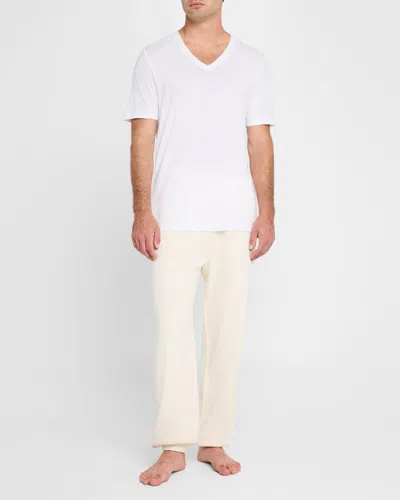 2(x)ist Men's Pima Cotton 3-pack V-neck T-shirts In White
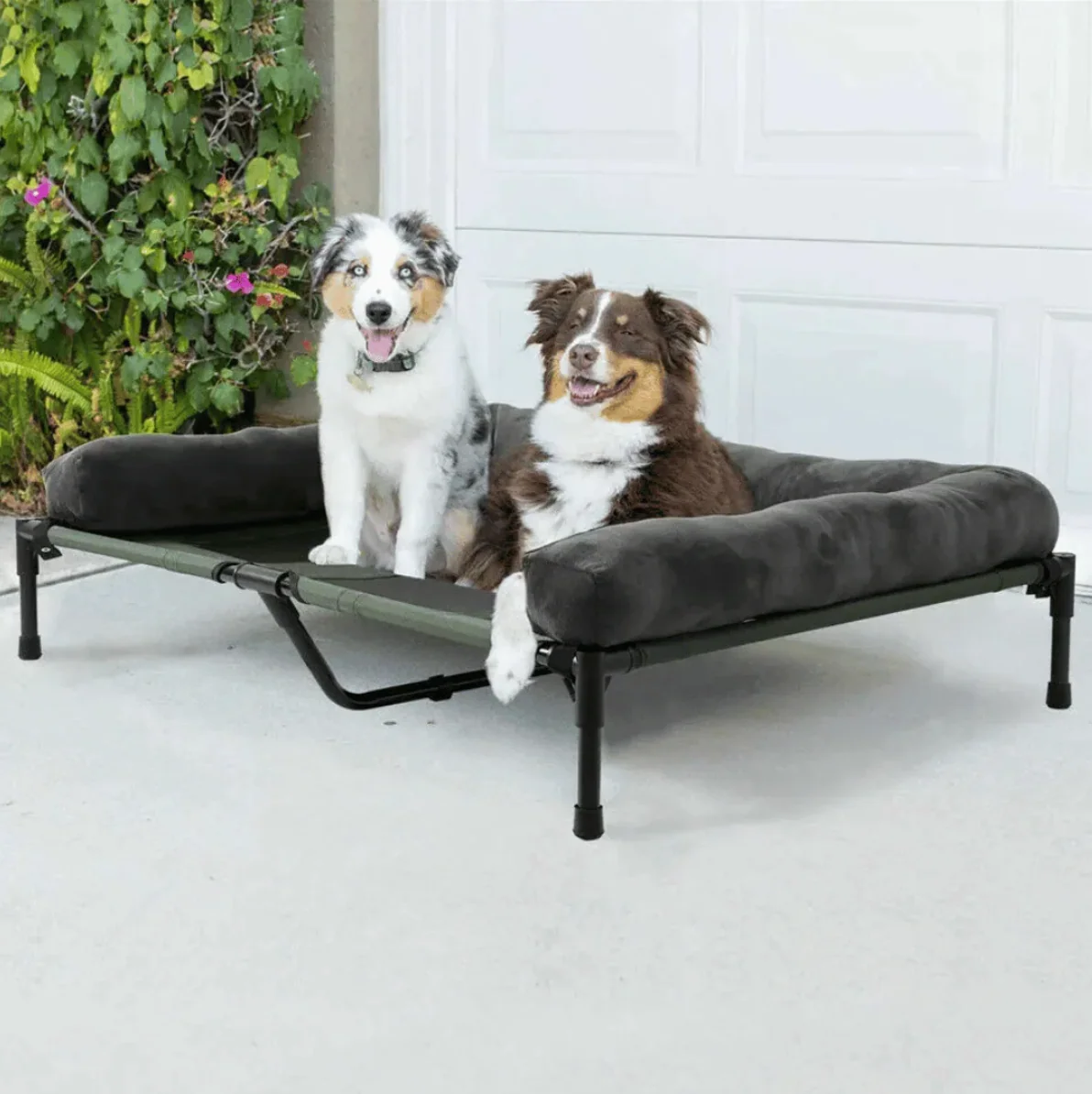 Raised Orthopedic Dog Bed with Cooling Mesh 5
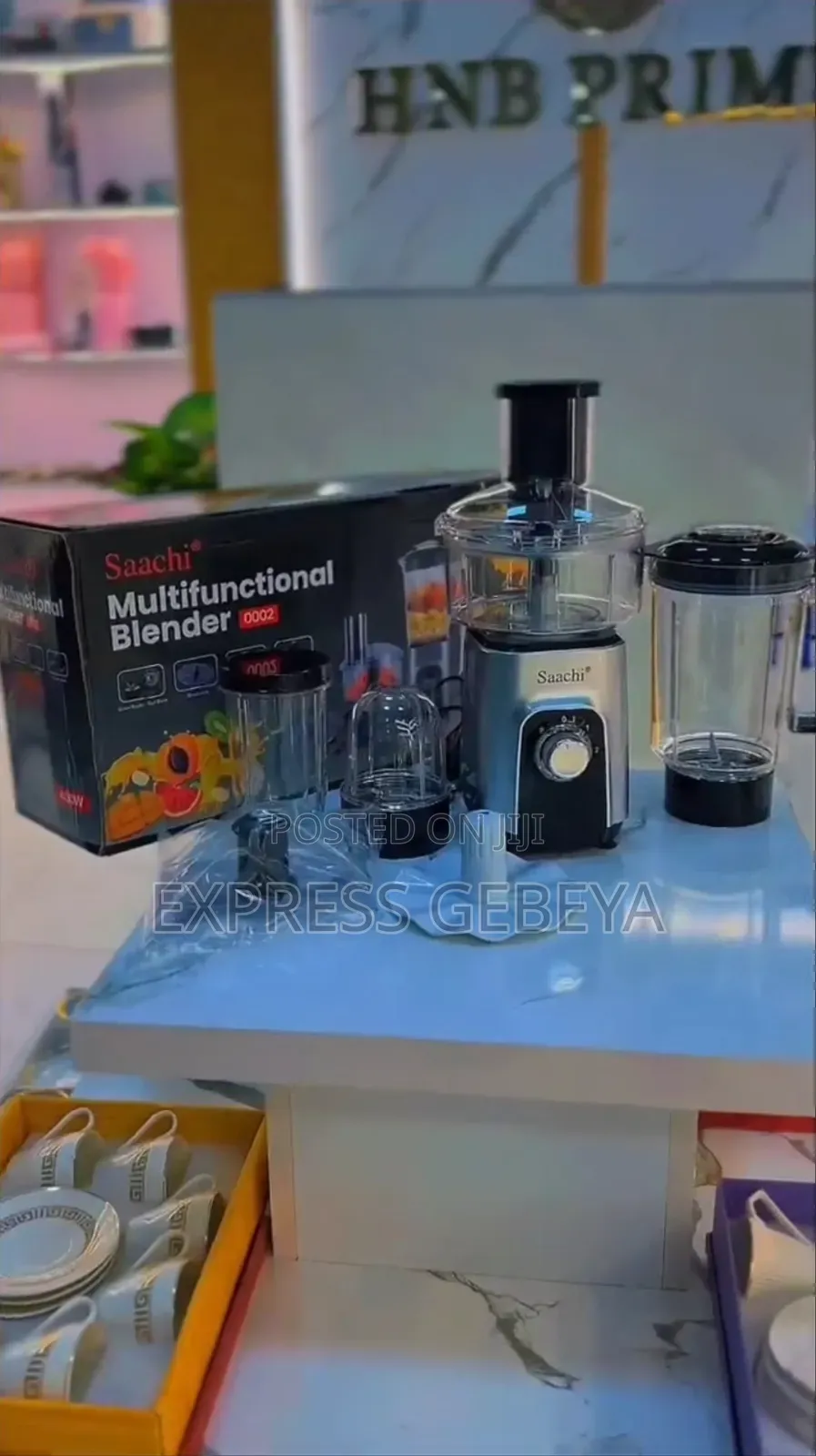 Saachi 4in1 Multifunctional Blender Food Processor ሽንኩርት, ካሮት, ስጋ መፍጫ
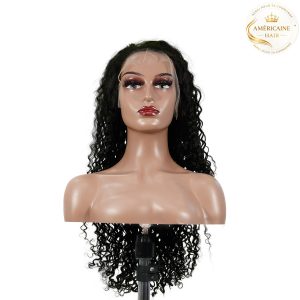 maady hair luxury natural black asian raw hair 13x6 hd lace front wig deep wave human hair wig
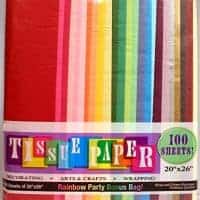Creative Hobbies Rainbow Color Tissue Paper 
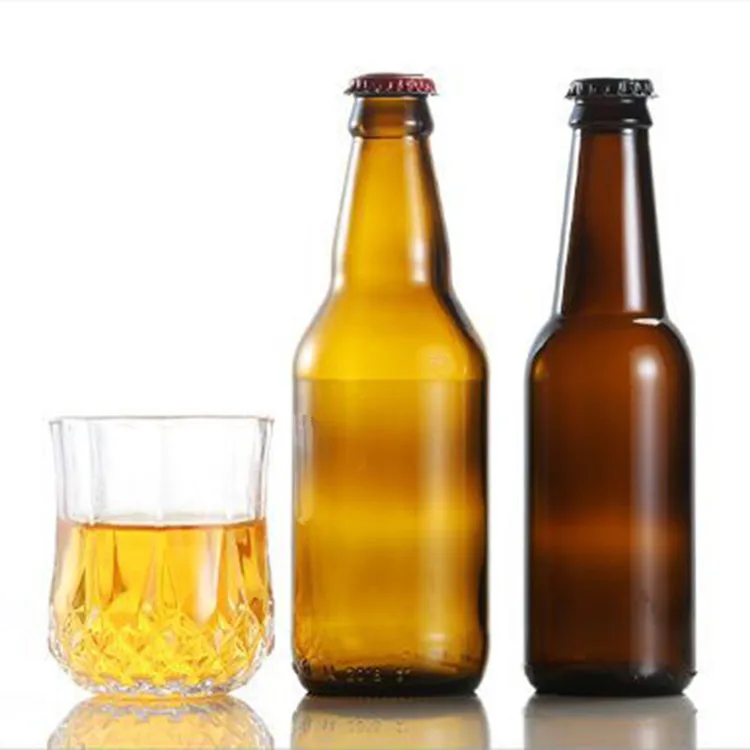 Wholesale 250ml 330ml 500ml 1000ml Empty Amber Beer Glass Bottle Buy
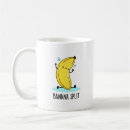 Recherche de drôle de banane café tasses Dessin animé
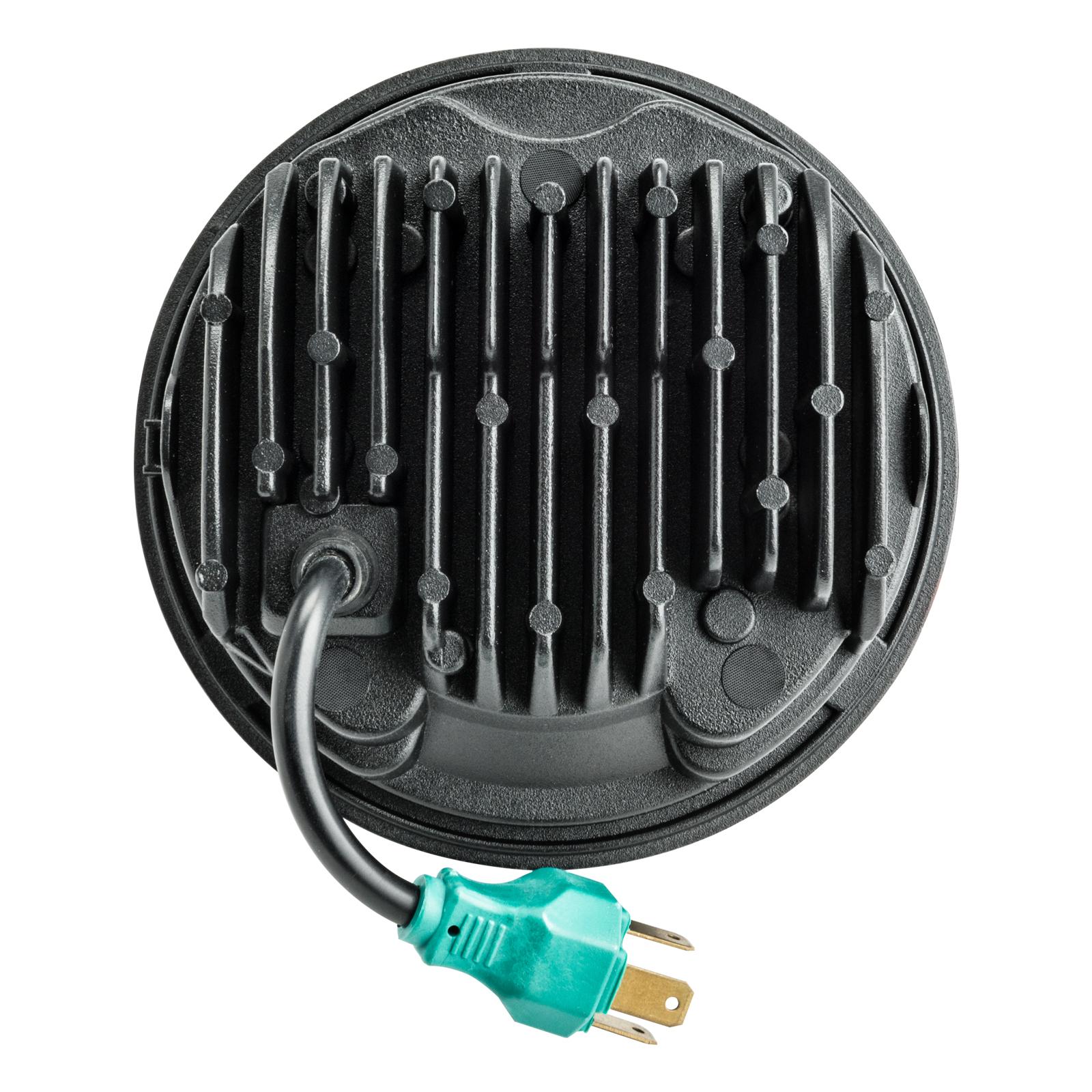 Oracle Lighting 5.75 In. 40W Replacement Led Headlight, Chrome Bezel, 6000K - 6913-504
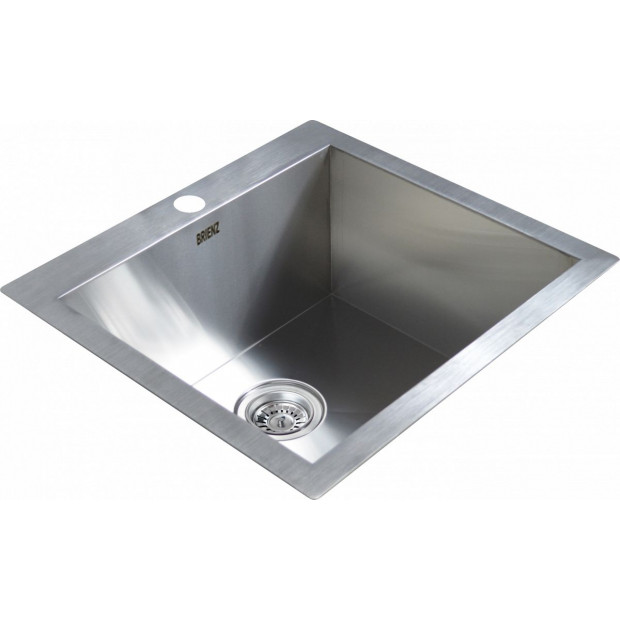 530x505mm Handmade Stainless Steel Topmount Kitchen Laundry Sink Image 5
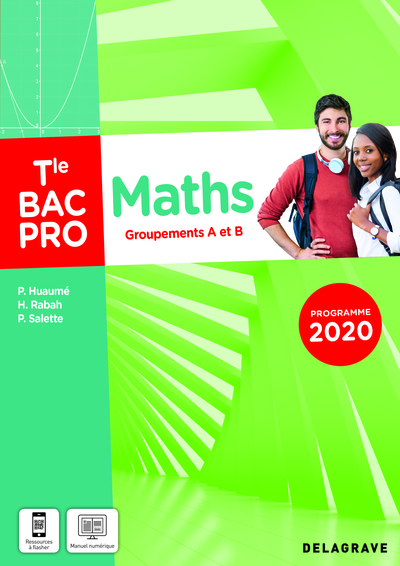MATHS - GROUPEMENTS A ET B - TLE BAC PRO (2021) - POCHETTE ELEVE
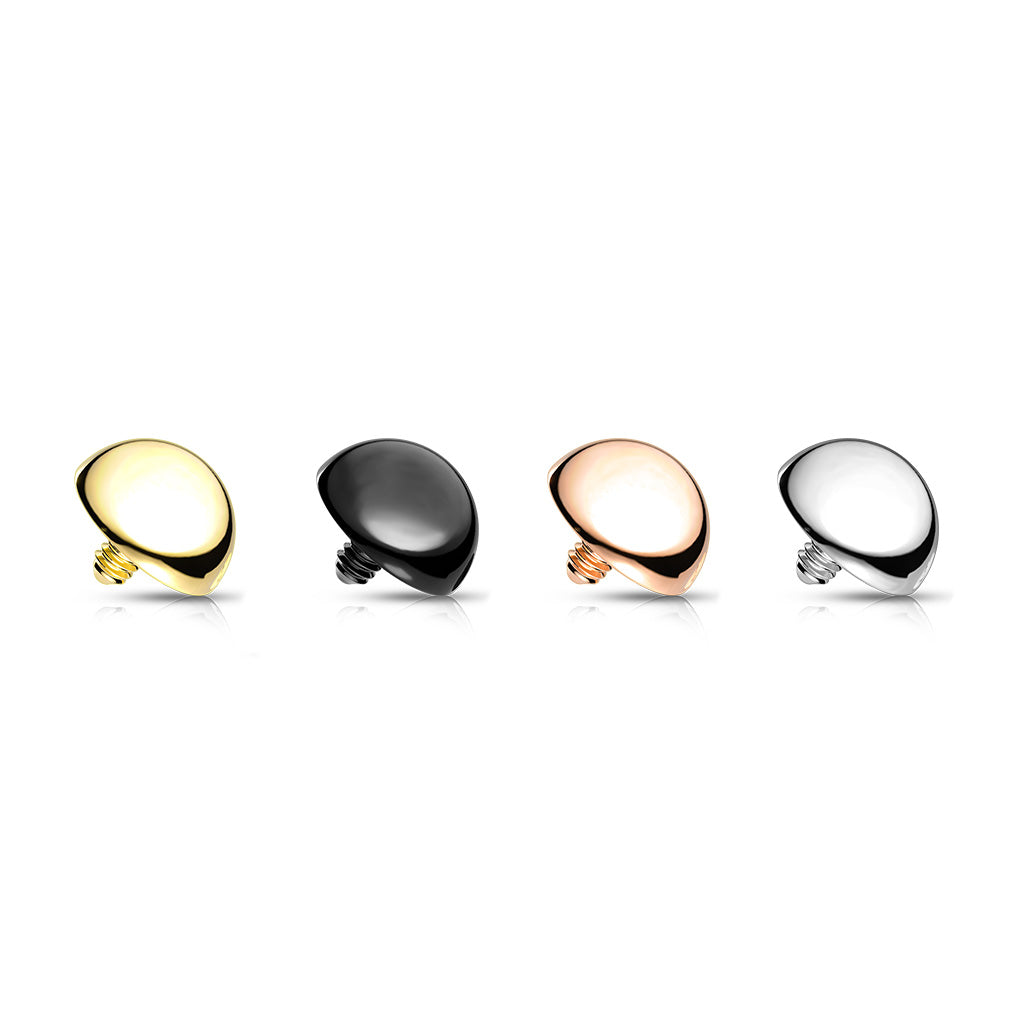 Surgical Steel Internally Threaded Round Dome (Top Only)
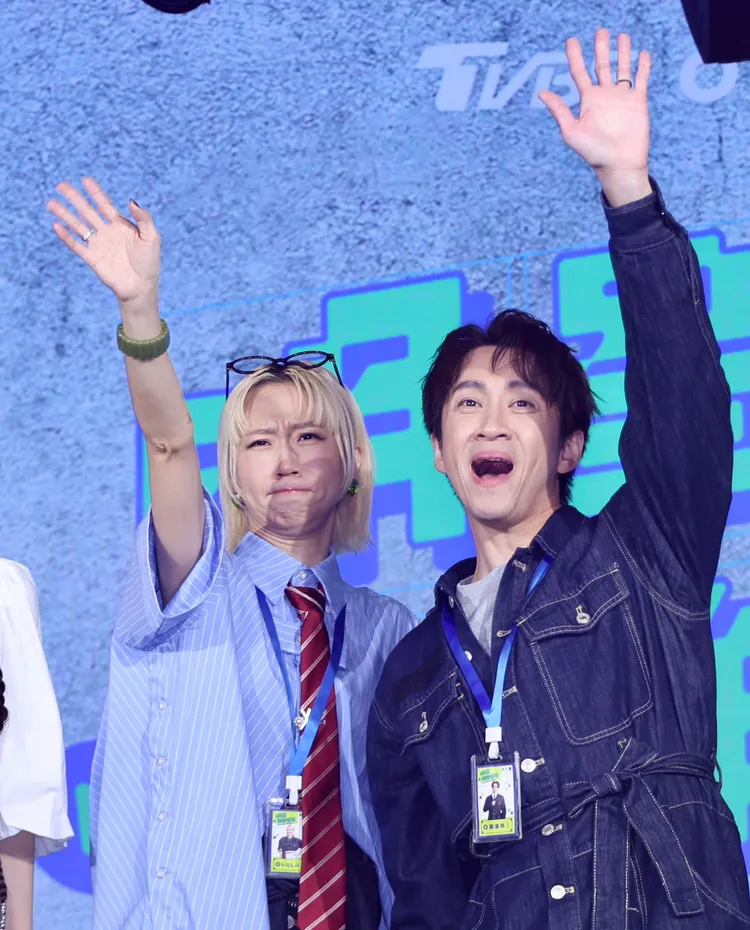 陳漢典（右）、Lulu對生子順其自然。莊宗達攝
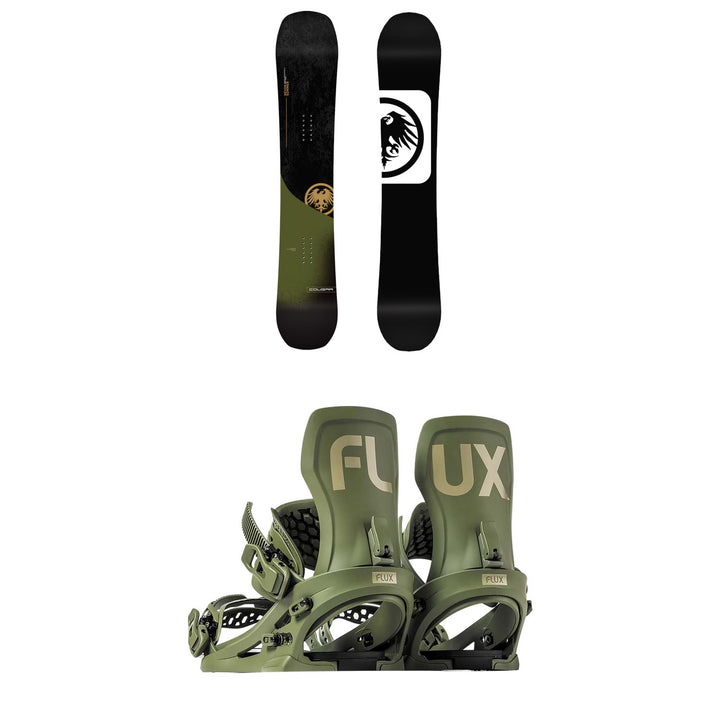 Never Summer Cougar Snowboard + Flux XF Snowboard Bindings 2025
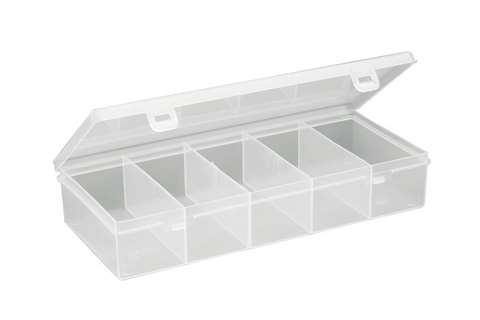 Organiser Storage 5000 with 5 fixed compartments - 270x125x50mm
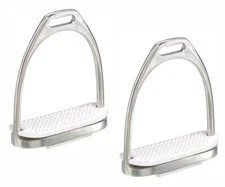 EquiRoyal Stainless Steel Fillis Stirrup Irons
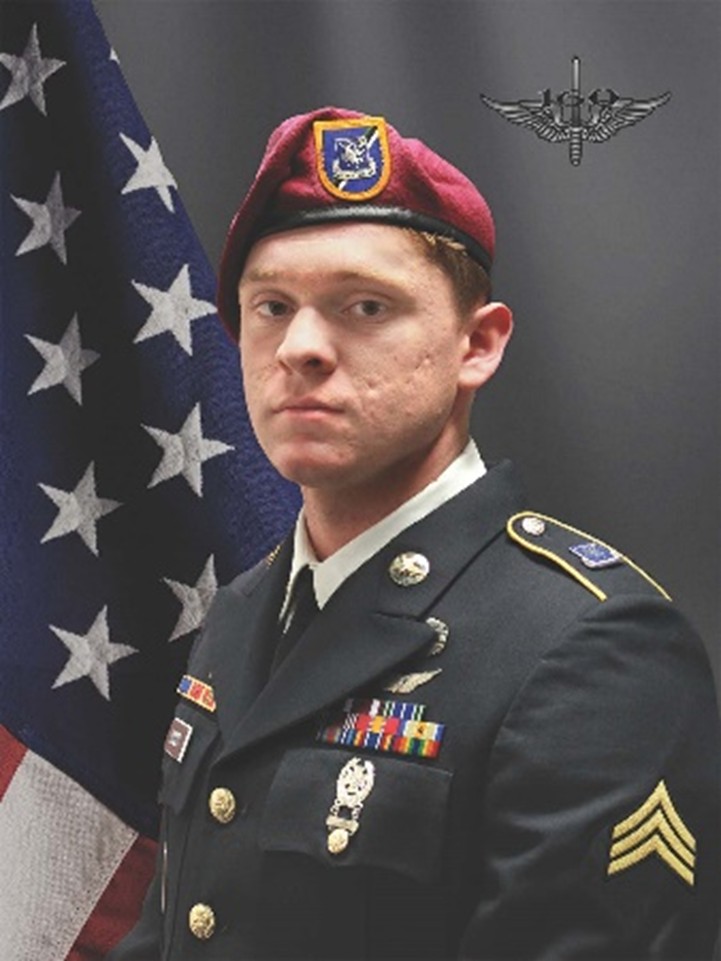 Memorial portrait of Sergeant Donavon L. Scott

About this task: Your task is to print exactly the lines from the one containing "Organiser Storage 5000" through the final line of the records above, with no pictures and nothing more.

Result of the task:
 Organiser Storage 5000 with 5 fixed compartments - 270x125x50mm
 EquiRoyal Stainless Steel Fillis Stirrup Irons
 Memorial portrait of Sergeant Donavon L. Scott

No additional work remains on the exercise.